- **The problem**
Reproduce each line of the material exactly, minus any picture.

- **Stored data**
>>>>>
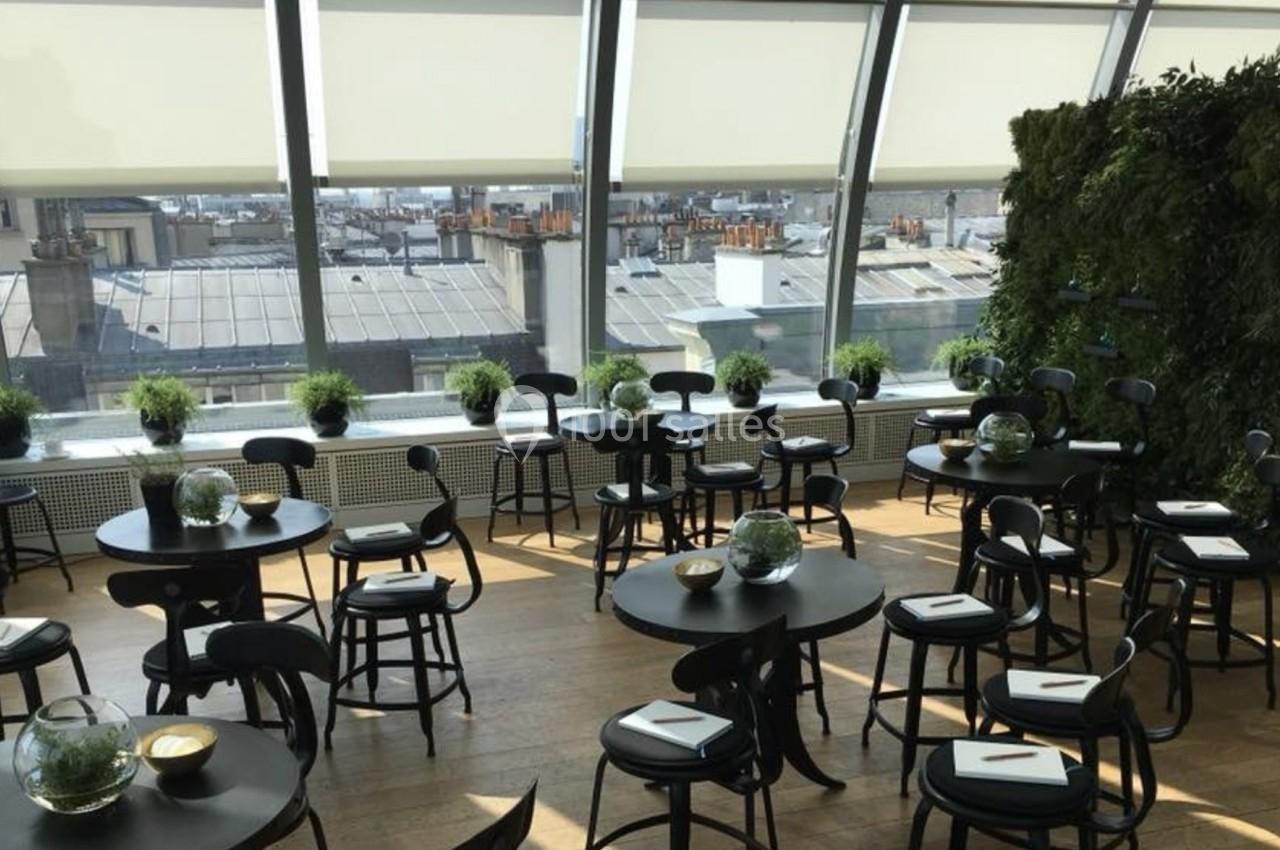 Salle lumineuse avec des tables rondes noires, des chaises assorties, des plantes et une grande baie vitrée donnant sur des…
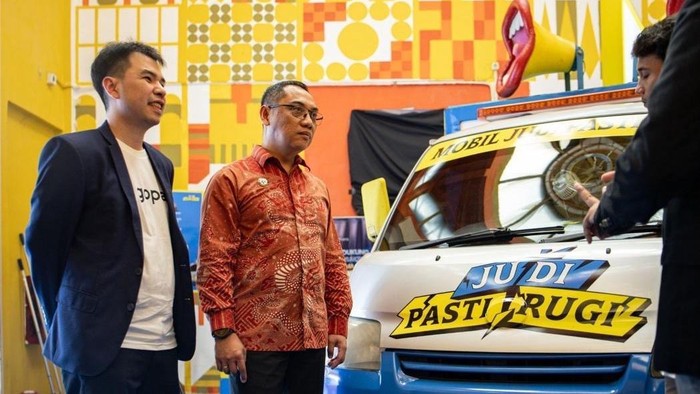 Head of GoPay Wallet, Kelvin Timotius (kiri) bersama, Alexander Sabar, Dirjen Pengawasan Ruang Digital Komdigi berfoto bersama di depan Van Judi Pasti Rugi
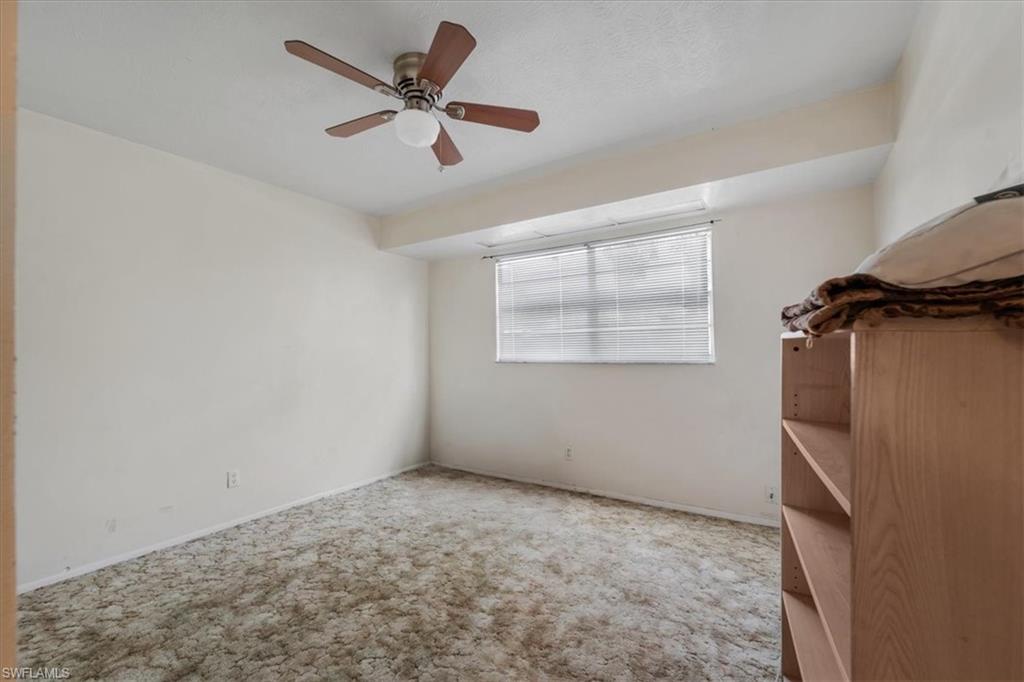 Spare room featuring ceiling fan and carpet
<<<<<
- **Answer to the exercise**
 Salle lumineuse avec des tables rondes noires, des chaises assorties, des plantes et une grande baie vitrée donnant sur des…
 Head of GoPay Wallet, Kelvin Timotius (kiri) bersama, Alexander Sabar, Dirjen Pengawasan Ruang Digital Komdigi berfoto bersama di depan Van Judi Pasti Rugi
 Spare room featuring ceiling fan and carpet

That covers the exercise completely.